Nvidia-docker2 permissions problem

Hi folks -

We are having trouble using nvidia-docker2 on Orin running L4T 35.3.1. The docker build process does not appear to respect permissions. This docker file:

FROM alpine:3.18

ENV NS_USER test
ENV UID 1001

RUN adduser -D -u ${UID} ${NS_USER} && \
    passwd -u ${NS_USER} 

RUN chown -R ${UID}:${UID} /home/${NS_USER}

CMD ls -l /home

Give this result when run:

docker run chowntest:0.1.1
total 12
drwxr-xr-x    1 root     root          4096 Aug  3 22:13 .
drwxr-xr-x    1 root     root          4096 Aug  3 22:14 ..
drwxr-sr-x    1 root     root          4096 Aug  3 22:13 test

The container SHOULD show that test is owned by test:test. On x86 Ubuntu and Mac, the same docker file shows the /home/test directory owned by test:test. This behavior has persisted across a couple of different Jetpacks and AGX Orin variants. We can run the image interactively and set the permission, but of course it does not persist through reboots.

Has anyone else seen anything similiar? Any suggestions for what might be happening?

Thanks,
sam

Hi,

Do you have any output log can share with us?
Does the RUN chown -R ${UID}:${UID} /home/${NS_USER} return any error?

Thanks.

Hi Aasta -

The Docker build doesn’t throw any errors. But after it is built the image just doesn’t respect the chown command.

We were able to reproduce the errors on a Raspberry Pi, suggesting maybe this has something to do with aarch64.

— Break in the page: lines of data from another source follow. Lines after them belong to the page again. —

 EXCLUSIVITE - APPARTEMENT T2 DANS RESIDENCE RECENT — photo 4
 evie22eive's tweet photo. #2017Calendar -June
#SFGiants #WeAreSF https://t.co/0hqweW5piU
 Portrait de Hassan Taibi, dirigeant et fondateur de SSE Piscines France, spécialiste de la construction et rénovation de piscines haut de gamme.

We also found suggestive hints in Ubuntu Bug reports, that claim overlayfs is the problem: Bug #1659417 “docker permission issues with overlay2 storage dri... : Bugs : linux package : Ubuntu

Finally, we were able to find a work around that strongly suggests it is something related to overlayfs. This slight modification works as intended:

CMD chown -R ${UID}:${UID} /home/${NS_USER} && \
    ls -l /home

at the expense of being very hacky. The runtime permission change “sticks”, we think b/c the overlayfs is not involved.

Any suggestions welcome.

【Solution】
Downgrade docker version.

sudo apt install containerd=1.6.12-0ubuntu1~20.04.3
sudo apt install docker.io=20.10.21-0ubuntu1~20.04.2

【Cause】
I was investigating this since the same issue occurred in JetPack 5.1.2.
And today, I noticed that this is also happening with the JetPack 5.1.1 that I installed via the SDKManager.
I’ve identified the cause and will describe it below.

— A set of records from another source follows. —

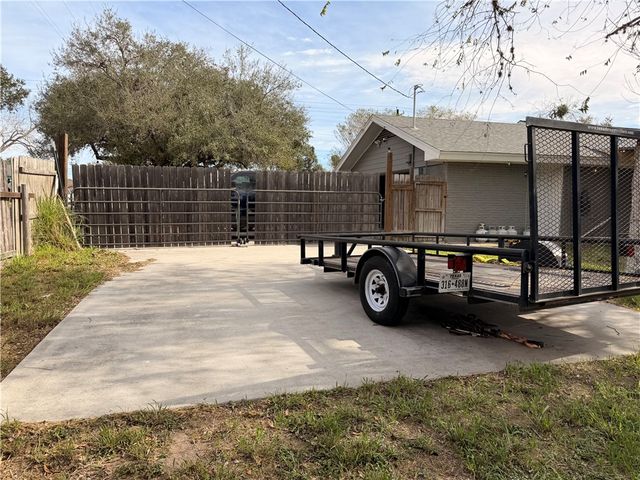 811 N Adams Ave, Beeville, TX 78102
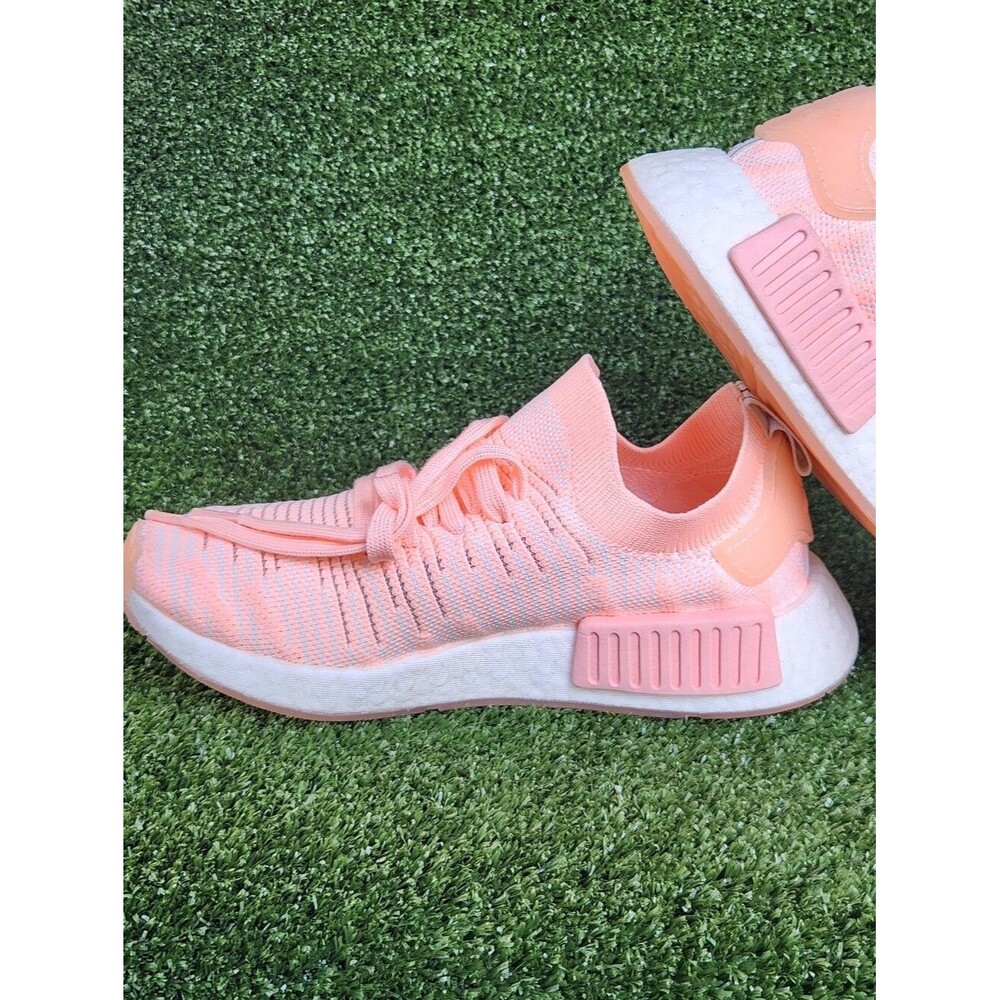 Adidas NMD-R1 Boost Women's Athletic Running/Walking Primeknit Peach Size 6 - Picture 4 of 14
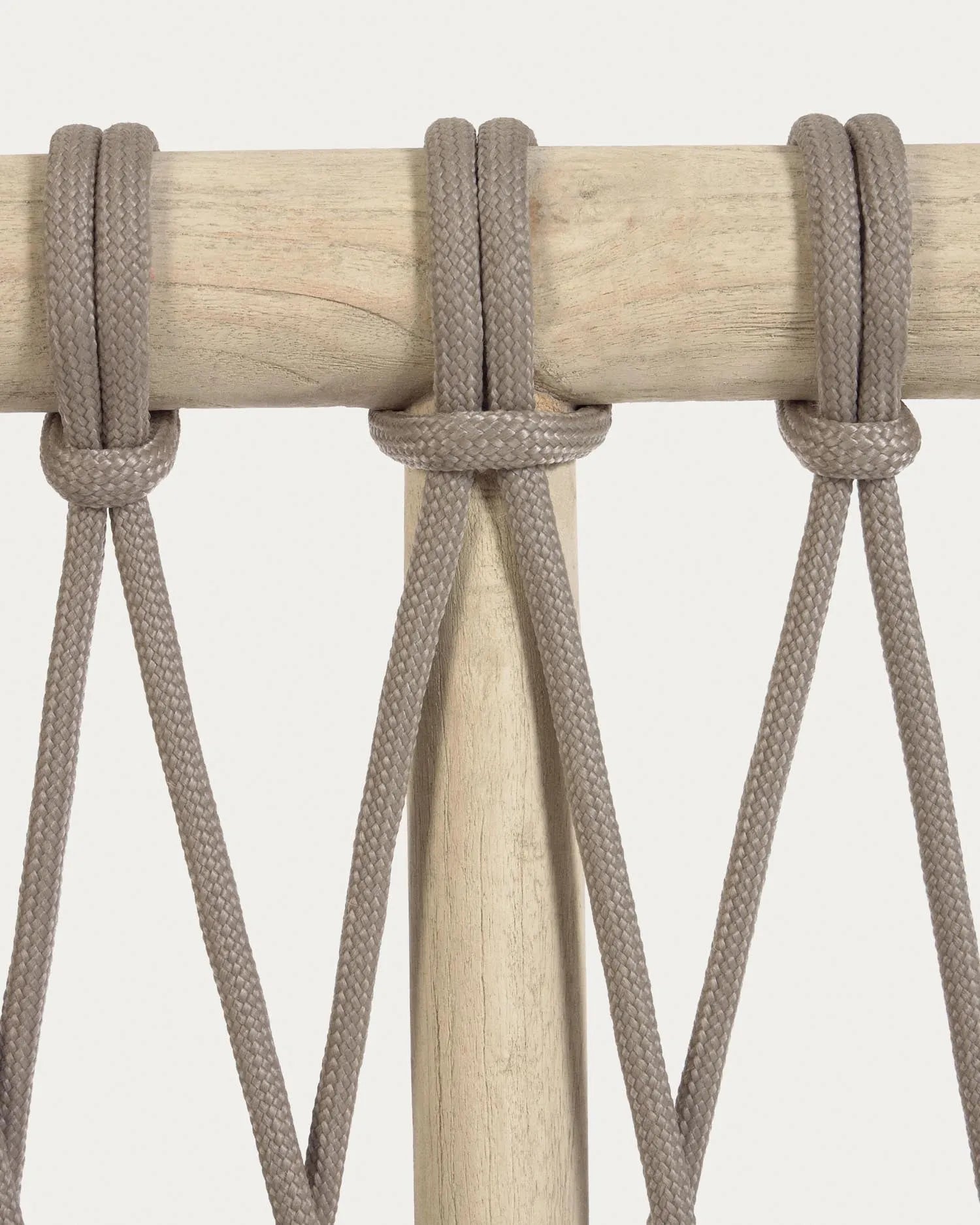 Elegantes Kopfteil aus Mindiholz und grauem Seil, handgefertigt für 160 cm Betten, vereint Stil und Nachhaltigkeit.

This issue is due to the recent updates in the versions of docker.io and containerd.

The versions that do not work are as follows.

apt list --installed | grep container

WARNING: apt does not have a stable CLI interface. Use with caution in scripts.

containerd/focal-updates,now 1.7.2-0ubuntu1~20.04.1 arm64 [installed,automatic]
libnvidia-container-tools/stable,now 1.10.0-1 arm64 [installed]
libnvidia-container0/stable,now 0.11.0+jetpack arm64 [installed]
libnvidia-container1/stable,now 1.10.0-1 arm64 [installed]
nvidia-container-runtime/stable,now 3.9.0-1 all [installed]
nvidia-container-toolkit/stable,now 1.11.0~rc.1-1 arm64 [installed]
apt list --installed | grep docker

WARNING: apt does not have a stable CLI interface. Use with caution in scripts.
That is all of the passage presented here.